**Problem details**
Please output only the lines that begin at the line with "ROYAL CANIN PERSIAN" and run through the end of the entries below, exactly as written. Drop all pictures.
======== Supplied records ========
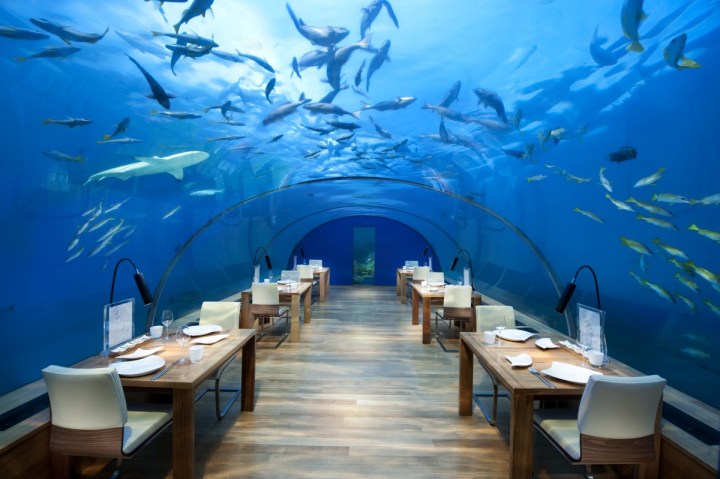 restaurante submarino maldivas maldives underwater restaurant 1200x0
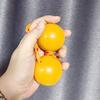 2 пары ритмических шаровых асалато ручных ударных инструментов погремушка асалато шейкер для взрослых и подростков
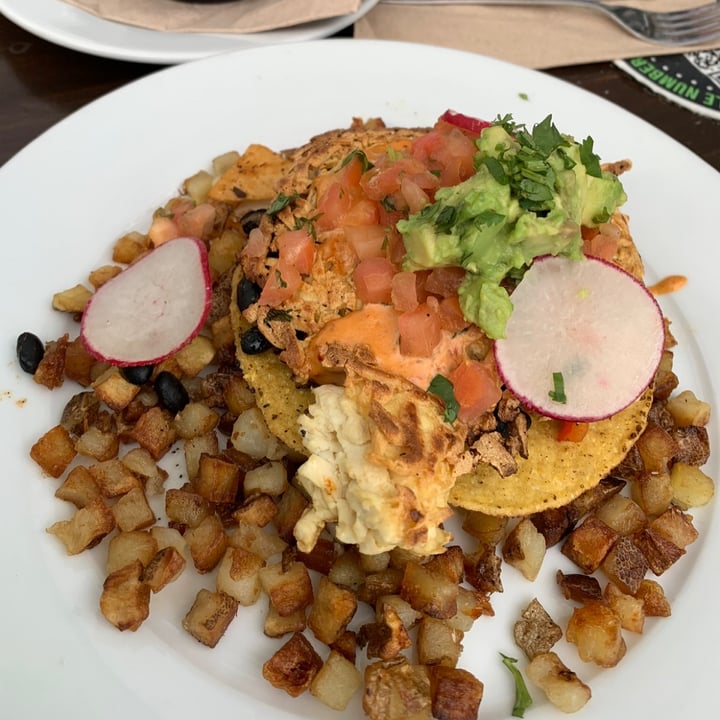 Blu Jam Cafe Woodland Hills, Los Angeles, United States Vegan Tofu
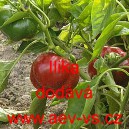 Paprika roční rajčinová pálivá Ilika
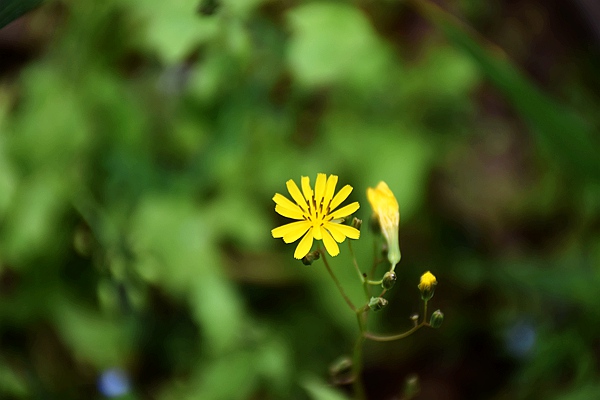 2026年中國環(huán)境科學(xué)學(xué)會團體標準項目征集中！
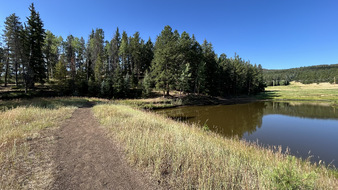Enlarge photo 54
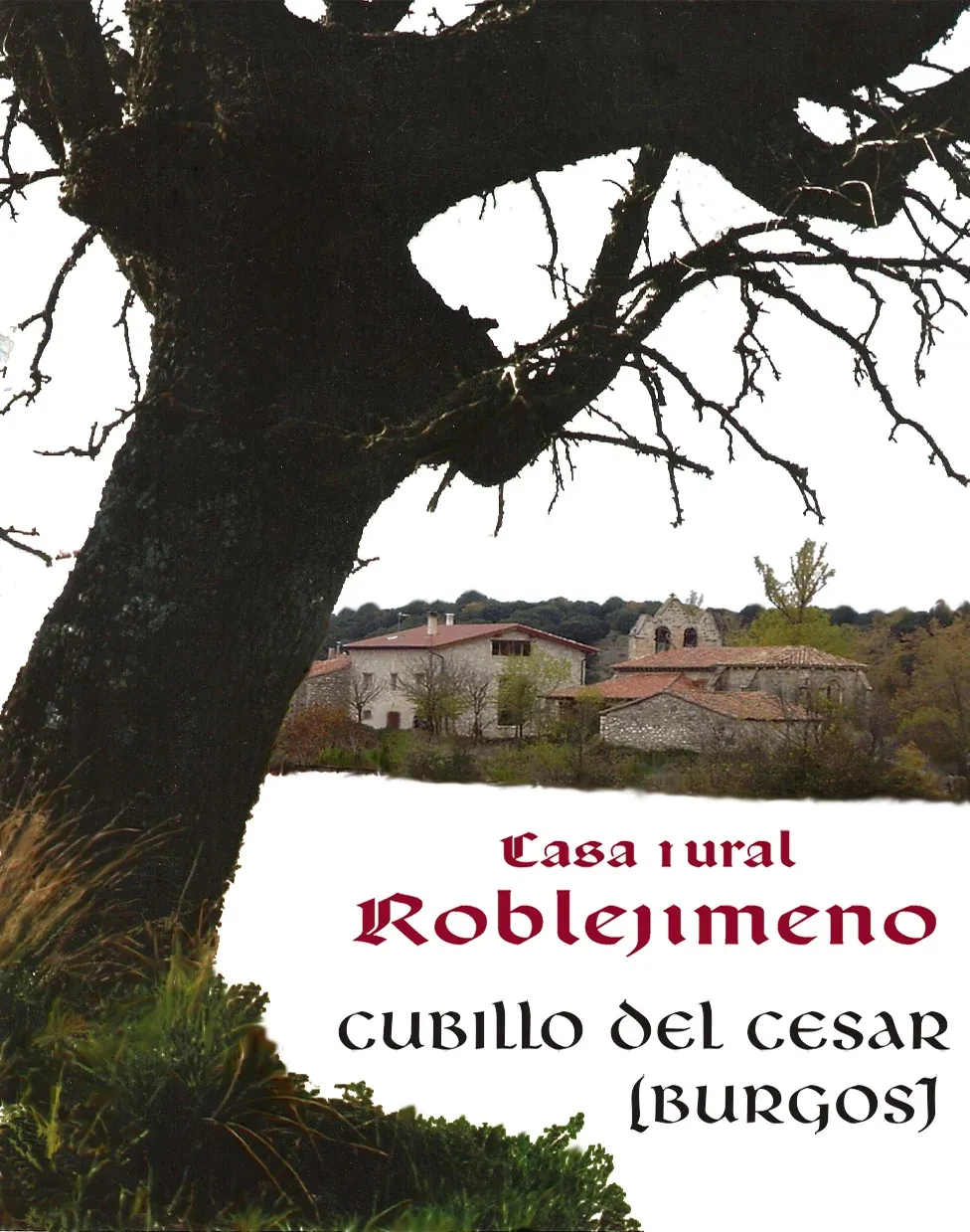 Imagen de Logotipo casa rural Roblejimeno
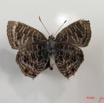 004 Lepidoptera (FV) Lycaenidae Anthene larydas IMG_2576WTMK.JPG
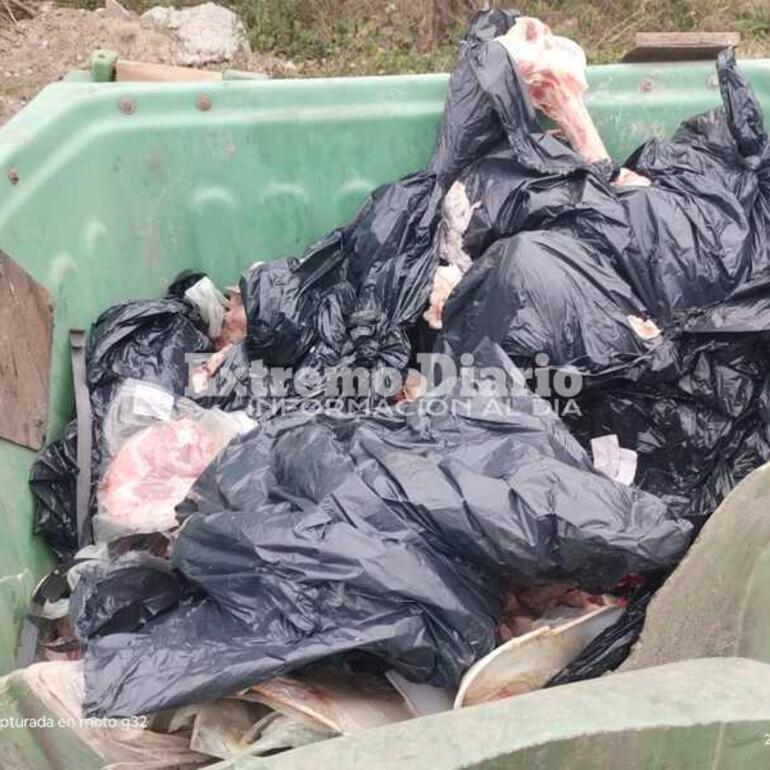 Imagen de Un camión arrojó carne en un contenedor ubicado en Ruta 21 y Calle Pública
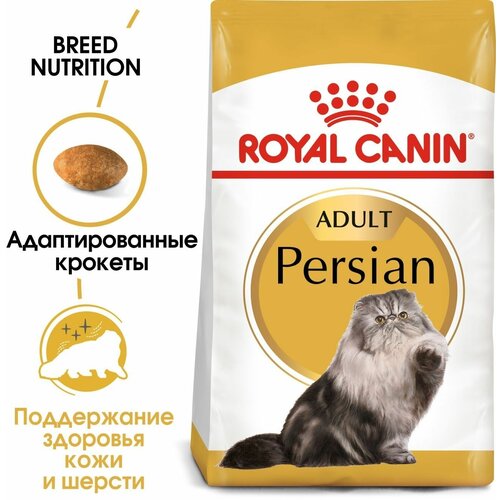  ROYAL CANIN PERSIAN ADULT 2       12  3   -     , -  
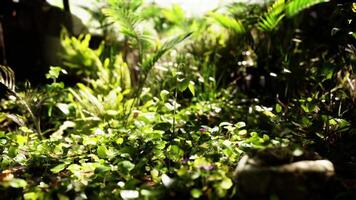 Lush greenery with vibrant undergrowth in a tranquil forest setting video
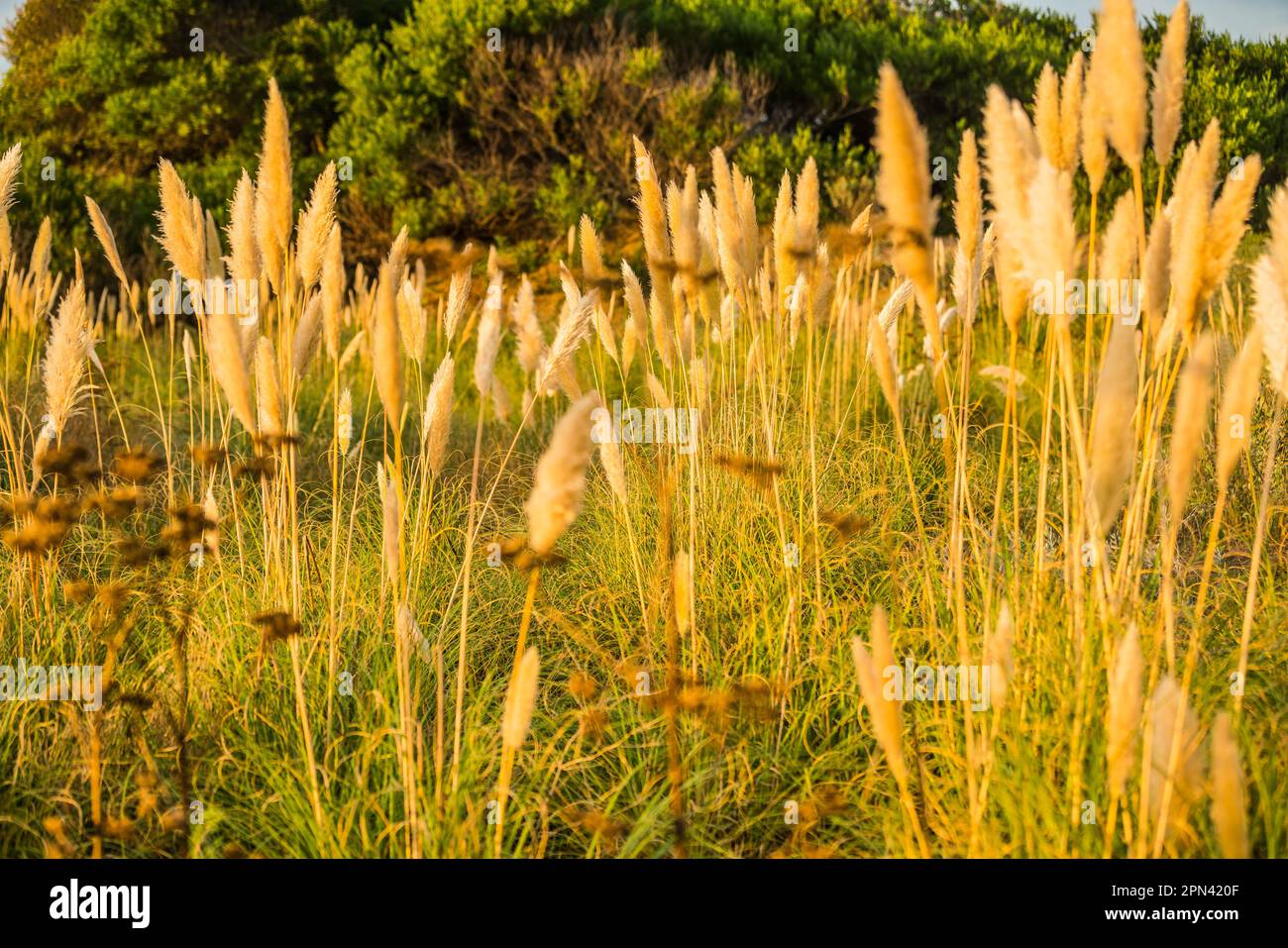 Foresta sulla spiaggia è illuminata dagli ultimi raggi del tramonto Foto Stock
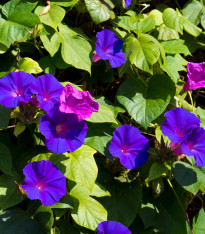 Povíjnice nachová Morning Glory - Ipomoea purpurea - semena - 25 ks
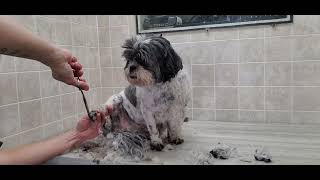 ShihTzu dog groom, cut, nails and ear plucking, #7 blade, dog grooming without restraints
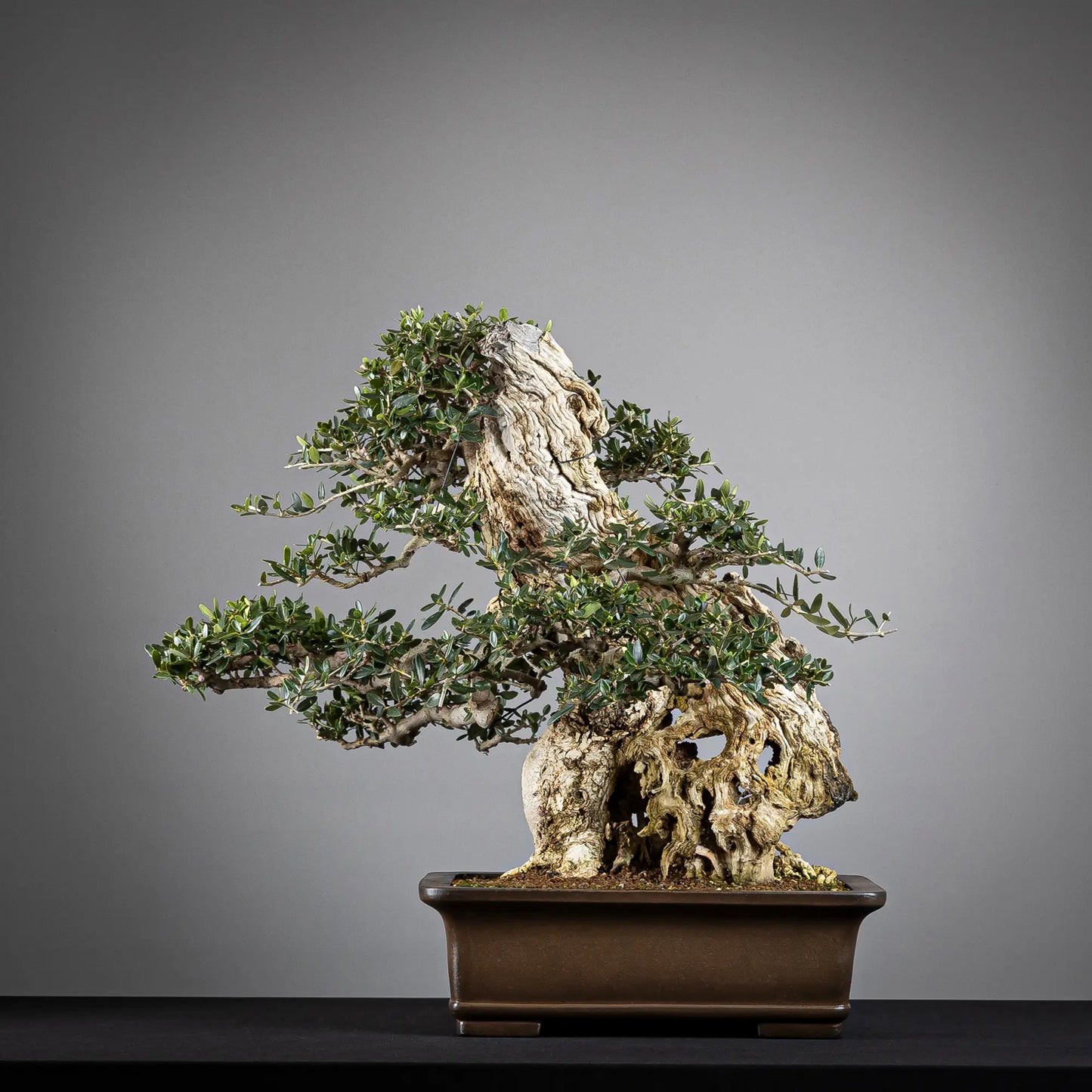 Cara trasera de bonsai de acebuche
========
**Output below**
  ROYAL CANIN PERSIAN ADULT 2       12  3   -     , -  
 Lush greenery with vibrant undergrowth in a tranquil forest setting video
 Foresta sulla spiaggia è illuminata dagli ultimi raggi del tramonto Foto Stock
 Povíjnice nachová Morning Glory - Ipomoea purpurea - semena - 25 ks
 ShihTzu dog groom, cut, nails and ear plucking, #7 blade, dog grooming without restraints
 Cara trasera de bonsai de acebuche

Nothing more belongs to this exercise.